─── Records to use ───
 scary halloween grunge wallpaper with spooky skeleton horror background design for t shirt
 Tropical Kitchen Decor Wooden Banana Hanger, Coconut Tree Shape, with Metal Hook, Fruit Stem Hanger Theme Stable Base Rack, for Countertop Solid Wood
───
─── Records to use ───
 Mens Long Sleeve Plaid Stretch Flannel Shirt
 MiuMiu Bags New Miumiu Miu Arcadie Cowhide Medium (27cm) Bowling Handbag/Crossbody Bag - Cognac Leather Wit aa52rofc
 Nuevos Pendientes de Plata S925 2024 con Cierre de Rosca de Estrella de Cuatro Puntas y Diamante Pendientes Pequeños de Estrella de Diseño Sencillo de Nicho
───
─── Records to use ───
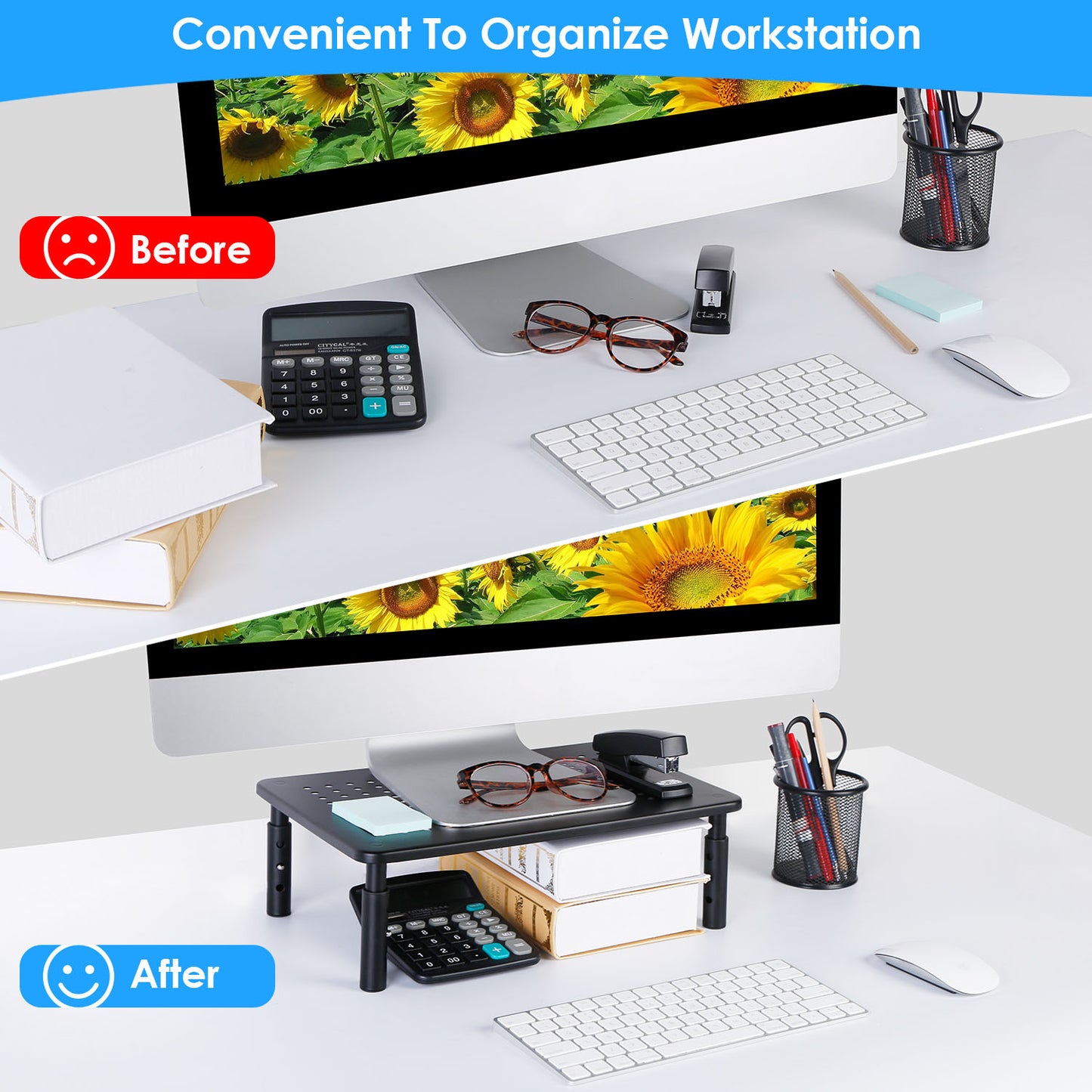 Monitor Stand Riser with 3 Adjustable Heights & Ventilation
───
**Task brief**
Starting at the line that has "MiuMiu Bags New" in the records above, restate word for word every line until the one that has "Nuevos Pendientes de", and include that one as well.

**Completed task**
 MiuMiu Bags New Miumiu Miu Arcadie Cowhide Medium (27cm) Bowling Handbag/Crossbody Bag - Cognac Leather Wit aa52rofc
 Nuevos Pendientes de Plata S925 2024 con Cierre de Rosca de Estrella de Cuatro Puntas y Diamante Pendientes Pequeños de Estrella de Diseño Sencillo de Nicho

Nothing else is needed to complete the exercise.